↓↓↓

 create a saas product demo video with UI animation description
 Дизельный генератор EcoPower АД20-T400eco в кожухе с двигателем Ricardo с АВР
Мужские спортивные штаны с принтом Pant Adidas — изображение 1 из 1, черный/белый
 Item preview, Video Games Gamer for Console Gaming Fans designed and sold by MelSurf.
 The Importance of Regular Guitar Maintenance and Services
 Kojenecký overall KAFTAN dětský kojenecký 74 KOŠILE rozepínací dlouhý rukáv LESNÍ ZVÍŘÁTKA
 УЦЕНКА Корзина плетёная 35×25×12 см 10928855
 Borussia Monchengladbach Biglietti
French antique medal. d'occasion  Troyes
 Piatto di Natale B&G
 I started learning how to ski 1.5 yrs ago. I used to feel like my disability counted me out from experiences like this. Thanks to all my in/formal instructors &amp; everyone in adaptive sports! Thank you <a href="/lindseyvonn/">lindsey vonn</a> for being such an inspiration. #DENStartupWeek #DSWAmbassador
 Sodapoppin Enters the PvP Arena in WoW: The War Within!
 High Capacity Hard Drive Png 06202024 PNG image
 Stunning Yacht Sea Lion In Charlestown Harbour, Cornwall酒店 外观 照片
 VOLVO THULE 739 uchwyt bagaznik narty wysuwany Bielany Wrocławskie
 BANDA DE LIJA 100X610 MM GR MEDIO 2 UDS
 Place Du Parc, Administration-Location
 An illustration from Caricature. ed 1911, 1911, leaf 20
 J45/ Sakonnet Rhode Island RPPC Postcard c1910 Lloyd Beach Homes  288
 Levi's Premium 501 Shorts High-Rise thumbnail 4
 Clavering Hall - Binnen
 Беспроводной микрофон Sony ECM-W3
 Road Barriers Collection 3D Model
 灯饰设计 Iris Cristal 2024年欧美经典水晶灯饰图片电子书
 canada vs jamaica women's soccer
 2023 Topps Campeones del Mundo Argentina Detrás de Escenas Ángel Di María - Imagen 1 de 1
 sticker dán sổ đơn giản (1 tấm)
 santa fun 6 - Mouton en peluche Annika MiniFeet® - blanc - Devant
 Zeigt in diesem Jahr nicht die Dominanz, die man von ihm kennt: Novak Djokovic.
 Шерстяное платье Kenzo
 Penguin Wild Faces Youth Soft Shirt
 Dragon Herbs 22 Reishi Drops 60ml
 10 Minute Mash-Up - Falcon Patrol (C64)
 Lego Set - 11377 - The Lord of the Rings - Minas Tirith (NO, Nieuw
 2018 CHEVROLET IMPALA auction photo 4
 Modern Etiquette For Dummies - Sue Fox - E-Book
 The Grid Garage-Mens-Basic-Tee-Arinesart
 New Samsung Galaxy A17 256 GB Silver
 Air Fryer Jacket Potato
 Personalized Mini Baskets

↑↑↑

--- Task instructions ---
All lines from the one with "Zeigt in diesem" through the end of the data must be repeated exactly, and nothing else may be repeated.

--- Solution to the exercise ---
 Zeigt in diesem Jahr nicht die Dominanz, die man von ihm kennt: Novak Djokovic.
 Шерстяное платье Kenzo
 Penguin Wild Faces Youth Soft Shirt
 Dragon Herbs 22 Reishi Drops 60ml
 10 Minute Mash-Up - Falcon Patrol (C64)
 Lego Set - 11377 - The Lord of the Rings - Minas Tirith (NO, Nieuw
 2018 CHEVROLET IMPALA auction photo 4
 Modern Etiquette For Dummies - Sue Fox - E-Book
 The Grid Garage-Mens-Basic-Tee-Arinesart
 New Samsung Galaxy A17 256 GB Silver
 Air Fryer Jacket Potato
 Personalized Mini Baskets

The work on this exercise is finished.